Quel est le pire poison dans l'amour? Sans doute le malentendu. Rester avec quelqu'un par dépit, s'entêter à aimer l'autre, donner à son couple l'apparence d'une union parfaite alors qu'on est pétri de langueurs et de regrets. On en a tous croisé, des personnes qui restent ensemble par lassitude, par habitude, parce qu'ils sont rongés par l'angoisse de-ne-pas-trouver-mieux. Mais quand ce malentendu existe dès les prémices, dès la rencontre et qu'on s'acharne à le contourner, construisant patiemment un édifice qui a toutes les apparences de l'amour sans l'être, que se passe-t'il lorsque le château de cartes s'écroule? C'est ce que raconte Poison de Xavier Patier.

Eric Prat vit depuis toujours dans le sud-ouest (Cahors), couvé par une famille arc-boutée sur ses principes, hésitant entre la bourgeoisie de province et la tradition du terroir. Eric a tout raté dans sa vie. Son adolescence qui n'a connu ni flirts passionnés, ni évènements marquants, les études de philosophie qu'il a suivi sans plaisir, et surtout son mariage. En effet, depuis cinq ans, Eric est marié à Corinne, dont il n'a jamais été amoureux et dont il jalouse le passé de parisienne normalienne brillante, l'aisance naturelle et même le corps sain et ferme lui qui se laisse engraisser et mollit. Corinne sent bien que cet homme qu'elle aime envers et contre tout lui échappe, mais elle tient bon. Mais voilà, à force d'avoir un coeur de guimauve sous une carapace de gras, Eric qui est devenu professeur de philosophie tombe amoureux de l'une de ses élèves. Egoïste et inconséquent, il le raconte à sa femme. Brave petit soldat, elle va jusqu'à le consoler. Mais bien sûr, triste et amère de sentir qu'une autre éveille ce qu'elle n'a jamais pu susciter chez son mari, elle le suit un soir à la sortie de son travail à la mairie de Cahors. Ce qu'elle voit la dépasse tellement, elle en conçoit un tel dégoût qu'elle décide de mettre son mariage en lambeaux. Juste au moment où son époux commence peut-être à l'aimer…
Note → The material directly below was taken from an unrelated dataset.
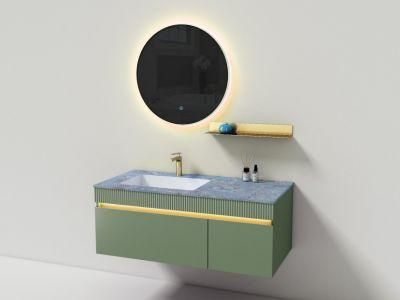 Green Modern and Simple Melamine Bathroom Vanity with LED Round Mirror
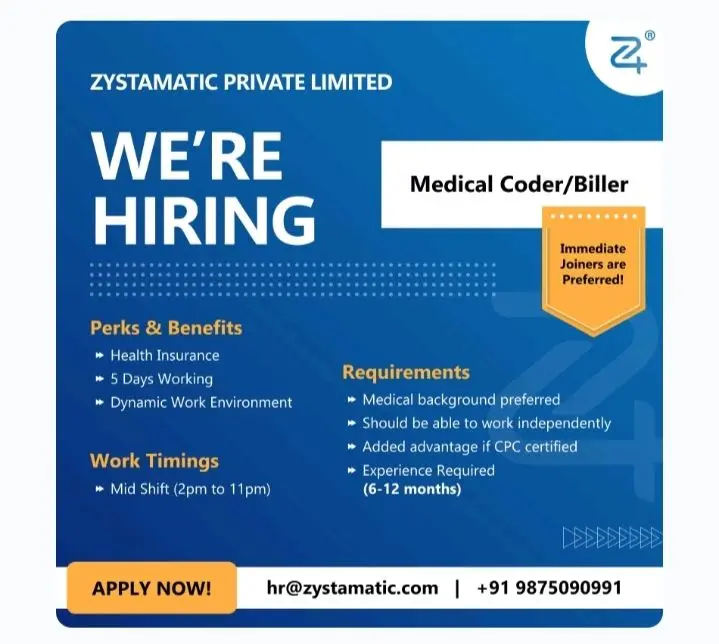 Medical Biller/Coder Jobs in Ahmedabad | Zystamatic Pvt Ltd Hiring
Le premier talent de Xavier Patier, c'est la description minutieuse de cette province où la vie semble s'écouler sans bruit, où s'énerver serait une faute de goût. Où l'on devine que les grandes colères couvent sous les apparences même quand elles n'éclatent jamais pour de bon. Dans ce décor aux couleurs chaudes comme le soleil écrasant de juin qui ouvre le roman, les personnages évoluent comme accablés par ce qui leur arrive, pleins d'une mélancolie écrasante qui rattrape même quand on fait semblant de rien. Xavier Patier déploie son Poison sur deux récits distincts, celui d'Eric raconté à la première personne qui s'intercale avec un récit à la troisième personne où Corinne a la part belle. Procédé qui parait souvent didactique, mais qui ici fonctionne : le lecteur se rend compte avec effarement de l'abime qui sépare ce couple, alors qu'il suffirait de peu pour qu'ils soient enfin en phase, heureux, amoureux, ensemble. A cause de la lâcheté d'Eric qui n'ose pas avouer à la femme qu'il épouse qu'il ne l'aime pas, toute leur histoire devient un chef-d'oeuvre tragique de non-dits et de “faisons comme si”. L'intrusion de l'autre femme, la lycéenne n'est rien d'autre que le détonateur de la bombe à retardement du poison. Mais le poison c'est aussi la belle-famille que Corinne déteste, une sorte de clan courtois tout en étant hostile qui n'a jamais accepté cette parisienne et qui chaque dimanche le lui fait sournoisement payer lors du déjeuner familial auquel “il est inenvisageable de ne pas assister“. Tout poison a son antidote et Eric et Corinne vont le trouver dans un dénouement inattendu et incroyablement émouvant. Poison est un roman attachant où l'on découvre que même les histoires d'amour qui ont duré dans la douleur peuvent aussi se finir bien.